LoRA Learns Less and Forgets Less
- URL: http://arxiv.org/abs/2405.09673v1
- Date: Wed, 15 May 2024 19:27:45 GMT
- Title: LoRA Learns Less and Forgets Less
- Authors: Dan Biderman, Jose Gonzalez Ortiz, Jacob Portes, Mansheej Paul, Philip Greengard, Connor Jennings, Daniel King, Sam Havens, Vitaliy Chiley, Jonathan Frankle, Cody Blakeney, John P. Cunningham,
- Abstract summary: Low-Rank Adaptation (LoRA) is a widely-used parameter-efficient finetuning method for large language models.
We compare the performance of LoRA and full finetuning on two target domains, programming and mathematics.

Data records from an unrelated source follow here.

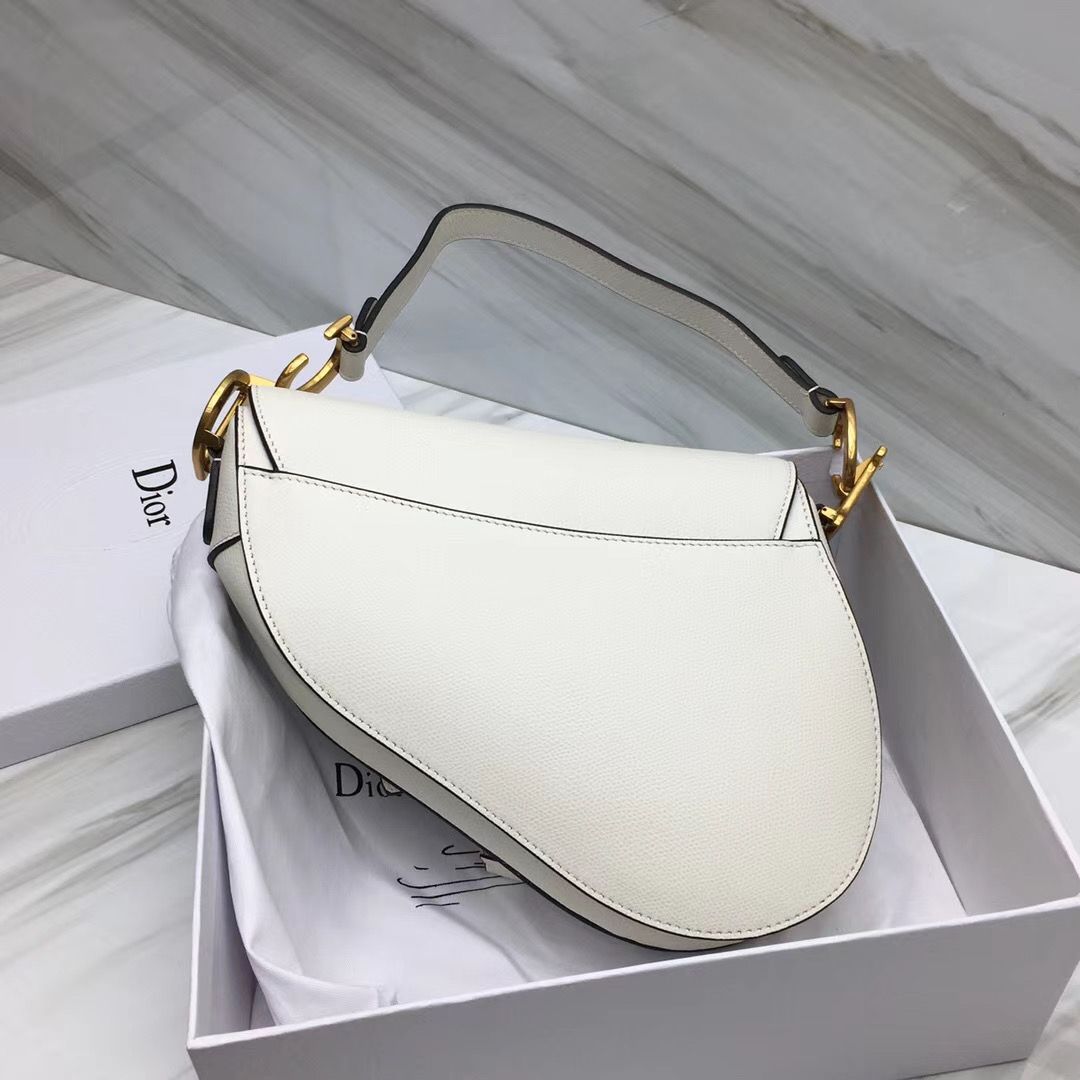 Dior Saddle Bag 25,5 cm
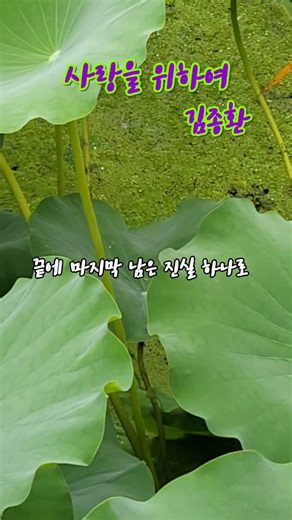 #사랑을위하여 #김종환
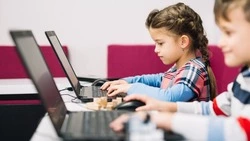 Школьников Сахалина познакомят с IT-профессиями и устройством чат-ботов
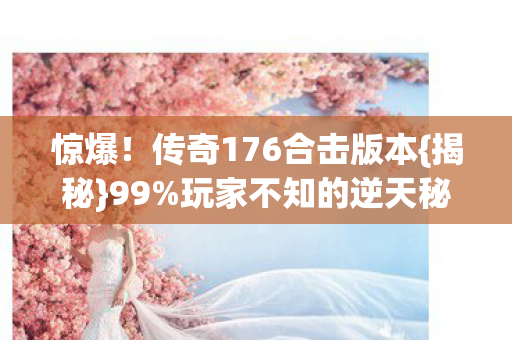传奇176合击版本图片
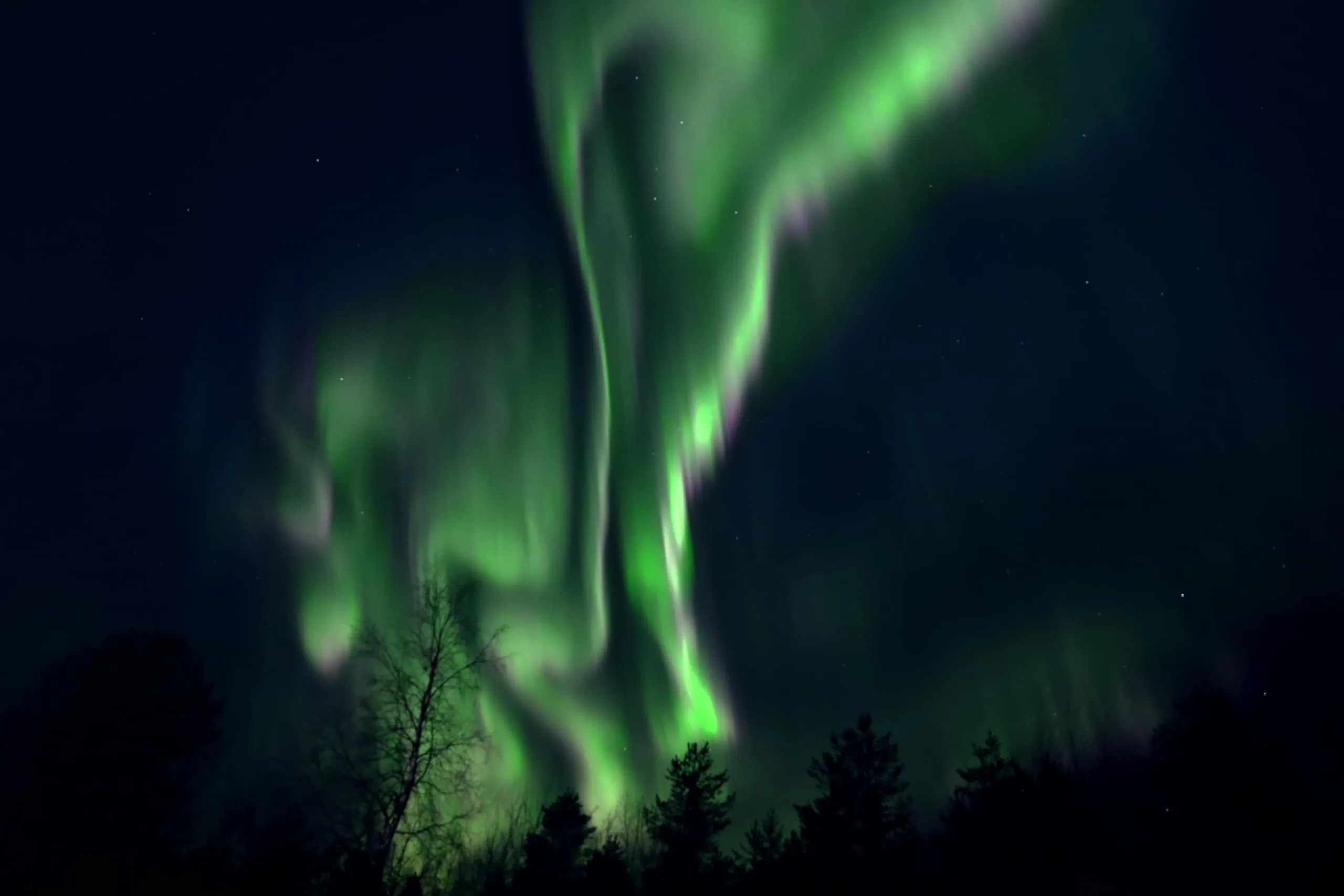 Groene noorderlichtslierten boven een donkere rand van naaldbomen.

- Score: 25.09261710396838
- License: http://creativecommons.org/licenses/by/4.0/
- Abstract: Low-Rank Adaptation (LoRA) is a widely-used parameter-efficient finetuning method for large language models. LoRA saves memory by training only low rank perturbations to selected weight matrices. In this work, we compare the performance of LoRA and full finetuning on two target domains, programming and mathematics. We consider both the instruction finetuning ($\approx$100K prompt-response pairs) and continued pretraining ($\approx$10B unstructured tokens) data regimes. Our results show that, in most settings, LoRA substantially underperforms full finetuning. Nevertheless, LoRA exhibits a desirable form of regularization: it better maintains the base model's performance on tasks outside the target domain. We show that LoRA provides stronger regularization compared to common techniques such as weight decay and dropout; it also helps maintain more diverse generations. We show that full finetuning learns perturbations with a rank that is 10-100X greater than typical LoRA configurations, possibly explaining some of the reported gaps. We conclude by proposing best practices for finetuning with LoRA.